How can we make the transition to a circular future more tangible and attractive to people from all walks of life? This is the call that is answered by the Festival of the New European Bauhaus, an ambitious initiative by the European Commission which took place from 9-12 June 2022. Based in Brussels with satellite events happening in various other cities and online, the Festival brought creatives, citizens, businesses and policymakers together to reimagine sustainable living in Europe and beyond. What Design Can Do (WDCD) also took part in the programme, with an interactive exhibition showcasing the research and winners of the global No Waste Challenge.

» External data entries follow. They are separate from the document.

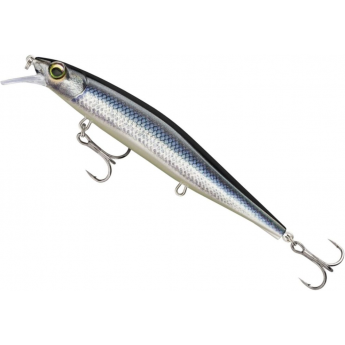 Воблер RAPALA Precision Xtreme Mavrik 110 /MUIKKU Воблер RAPALA Precision Xtreme Mavrik 110 /MUIKKU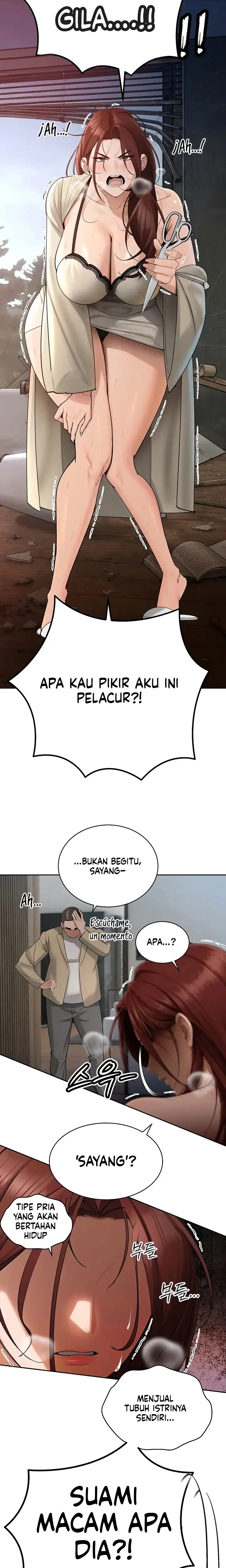 image-komik-ayah-mertua-menggilirku-dan-anak-anaknya-chapter-52-11/25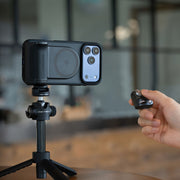 PGYTECH MagCam 2 Phone Grip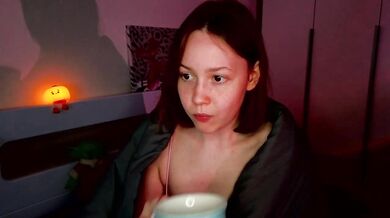 sweetdreamss - Porn Video [Bongacams]: fuck her hard, irresistible allure, ravishing breasts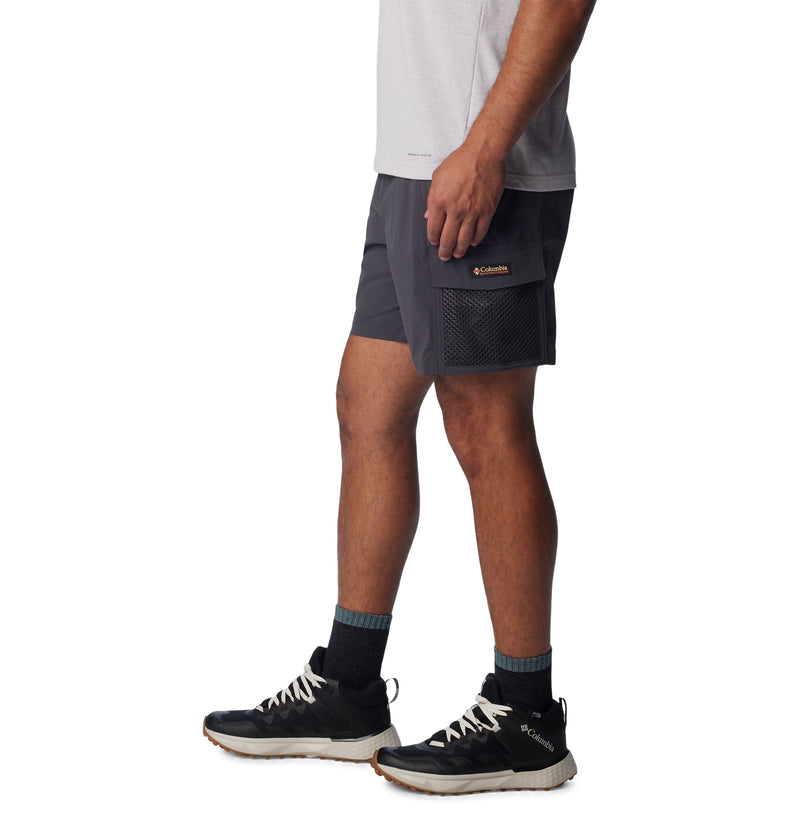 Short para hombre Painted Peak™ Short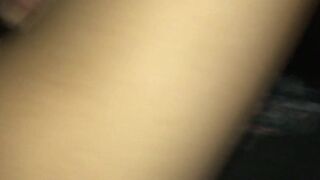 filthy couple manyvids onlyfans Shmarina from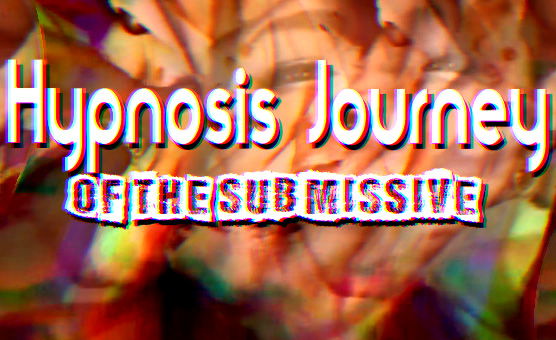Hypnosis Journey Of The Submissive - Spanish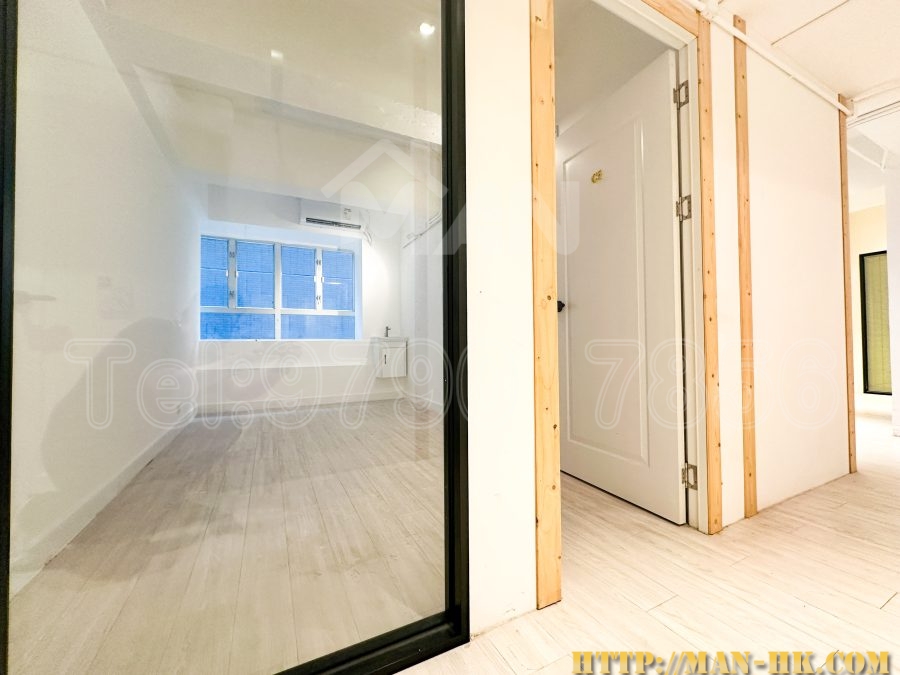 世貿大樓 World Interests Building MANHKCOM 工廈租盤 觀塘租盤 觀塘租工作室 觀塘網店出租 觀塘多用途工作室出租 租觀塘樓上舖 觀塘工廈出租 觀塘工作室出租 觀塘studio出租 觀塘分租單位 租觀塘工作室 觀塘樓上網店出租 觀塘租樓上舖 觀塘樓上舖出租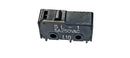 Mulon SL-1, SPDT-ON-(ON) Push Button Pin Plunger micro switch 5A @ 250V AC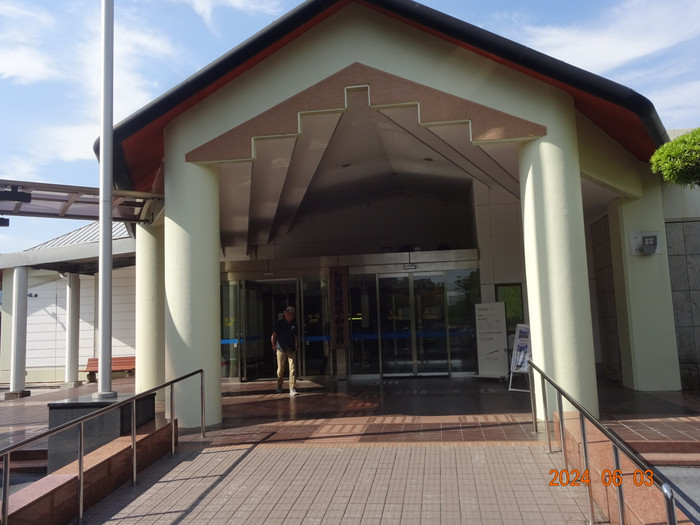 Photo_8
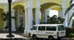 Bermuda Hotel Guide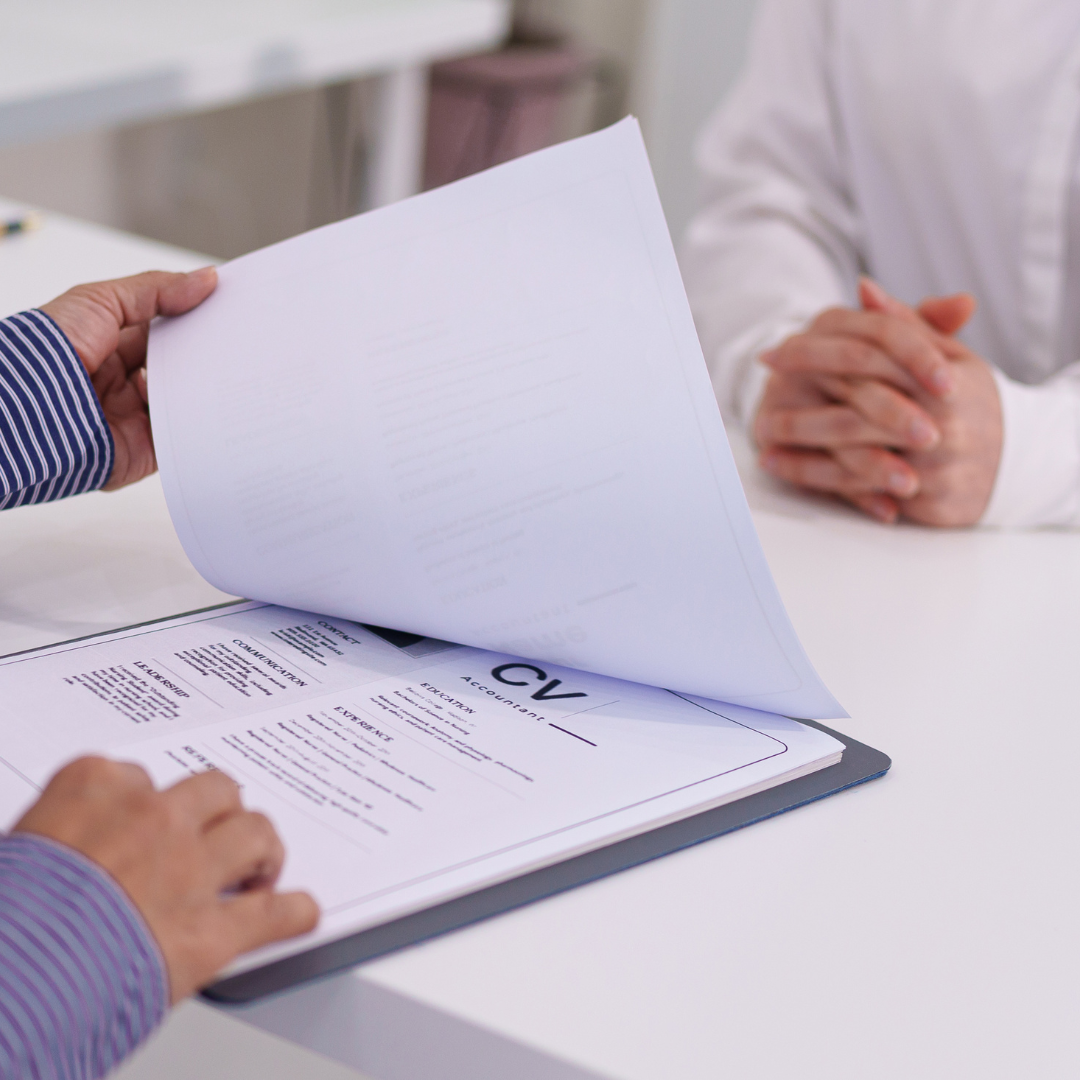 Top 5 Benefits of Hiring an HR Consultancy in India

In addition to creating a platform for experimentation and connection, the Festival also set out to ‘bring the European Green Deal closer to people’s minds and homes,’ putting culture and creativity at the heart of its bid for climate action. For four days, Brussels was awash with exhibitions, artistic performances, seminars and other gatherings exploring the New European Bauhaus values of beauty, sustainability and togetherness.

The programme was vast, which is perhaps unsurprising for an event pulling such a broad and varied audience. Many talks and panels focused on practical solutions to rebuilding or renovating Europe’s urban centres in the wake of the pandemic. One common thread throughout the Festival was exploring how creatives can contribute to a more liveable city, touching on topics like future mobility, regenerative architecture and food security. In one session, Commission President Ursula von der Leyen and 2022 Pritzker Prize winner Diébédo Francis Kéré discussed why climate solutions should be both beautiful and inclusive, and what that might look like. In another, Japanese architect Shigeru Ban spoke about the value of design in times of conflict, drawing on his experience building emergency housing for refugees fleeing the war in Ukraine.

Ursula von der Leyen opens the festival. © European Union 2022.

Visitors at the festival. © European Union 2022.

Participants at a workshop. © European Union 2022.


At the Gare Maritime, the Festival also hosted a Fair, which celebrated more visual and granular examples of projects that are driving the New European Bauhaus movement. This included innovative prototypes and proposals on how sustainable design can actually make our lives easier and more fulfilling. As WDCD, we saw this platform as an opportunity to amplify the work of some of the best and brightest circular design pioneers in our network.

With the help of spatial design experts from Studio Stam, we put together a modular installation featuring the winning projects of the global No Waste Challenge. This design competition was launched by WDCD in collaboration with the IKEA Foundation in search of imaginative solutions to reduce waste and its impact on climate change. In this exhibition, we present sixteen of the most promising ideas from the total 1409 submissions. Hailing from various corners of the globe, each of the winning projects tackle a different aspect of our take-make-waste economy, from bioplastic that reduces pollution to a mobile app that promotes a culture of repair.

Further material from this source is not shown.